Reigns in SPAIN
Monument-filled, tourist-empty Extremadura is a Spanish gem,
The flamenco strains were so haunting that I asked the quintet of 20-somethings playing guitars on the doorstep of a massive, whitewashed centuries-old church if I could listen for a spell.
“Sure. Want a sip?” one replied, offering the litrona — a quarter-gallon bottle of beer — they were sharing. Then they went back to jamming, their notes echoing up the steep, narrow lane in one of the most monument-filled, tourist-empty cities in the Iberian peninsula.
Caceres is a highlight of Extremadura, a Spanish region of vast sun-parched landscapes and untouched historical jewels exactly halfway between the evermore-crowded capitals of Madrid and Lisbon, Portugal.
I spent a weekend there exploring Roman ruins and climbing up medieval towers without seeing one tour group.
I travelled mostly on comfortable public buses that rolled through olive and oak tree-studded hills, past fortified towns and palm-fringed farms, stopping to pick up schoolchildren returning home and elderly couples going to market.
Every stop appealed — especially Trujillo with its castle — but I focused on three must-sees: Merida, Caceres and Guadalupe.
IMPERIAL POWER
This small city played a role in two of the world’s great empires, Rome’s and Spain’s.
As their provincial capital, Romans filled Merida with public and private showpieces. Centuries later, many of the conquistadores that led Spain’s dominion in the Americas came from this region.
Just across the two-millennia-old, halfmile river bridge, stand a couple of monuments dedicated to Merida by Rome and by its namesake city in Yucatan, Mexico. Next to the monuments, in a fortress built by a ninth century emir, I descended the steps of a water cistern decorated with Roman and Visigoth marble panels and carvings of leaves and grapes. Just past the bright-red bullfighting arena, in the Roman Casa del Mitreo, I marvelled at the bright turquoise sea depicted in a 2000-year-old floor mosaic representing the cosmos, including a sun figure with a crown of rays exactly like the Statue of Liberty.
There is a Circus Maximus so gigantic you can imagine thousands of spectators roaring as chariots sped down the straight. But what took my breath away was the Roman Theatre, its stage wall decorated with exquisitely detailed floral elements and veined marble columns.

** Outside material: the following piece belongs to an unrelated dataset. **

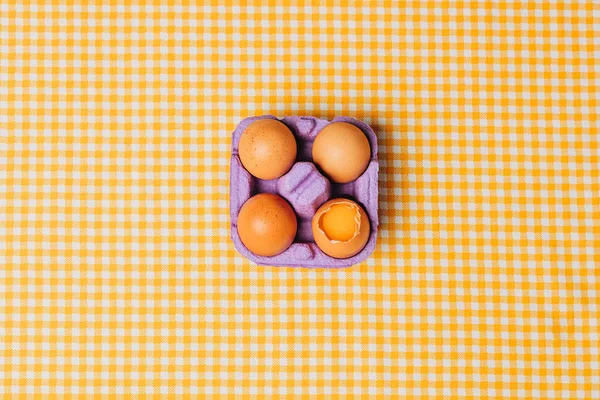 Cuatro Huevos Pollo Caja Huevo Púrpura Mantel Cuadros Amarillo Vista Fotos De Stock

In the pedestrianised streets of the workaday downtown, I found the Augustus-era Temple of Diana, its huge colonnade framing a porticoed Renaissance palace — two empires literally fused.
GOLD TREASURE
Caceres’ strawberry-gold walled monumental core hugs a hilltop, with hardly a single modern element among slender medieval towers and Renaissance palaces covered in coats of arms.
It looks perfect enough for a movie set, but still feels real — I watched a nun in a white habit and a briefcase hurry under a stone arch, not a selfie stick in sight.
In Plaza de San Mateo, where a crested tower and a bell tower jostle for height, I chatted about US presidential politics through a convent turnstile with the Kenyan sister selling me almond cookies.
Places to visit include the Santa Maria cathedral, full of conquistador tombs, around the corner from the ToledoMoctezuma palace built by a mixed localAztec family, and the Casa de las Veletas museum, with an arch-lined Arabic aljibe (cistern). But I found it hard to stop making laps up and down the entire town, following the sun as it marched across stern yet sumptuous facades, revealing sculpted stone details like grimacing gargoyles, lions holding an escutcheon, and a puffy-cheeked sun itself.
Fortified by wild boar tapas and shots of local bellota liquor — made from the same acorns eaten by pigs that end up as Iberia’s best hams — I kept wandering into the night. My steps and those flamenco melodies were the only sounds in floodlit cobblestone alleys.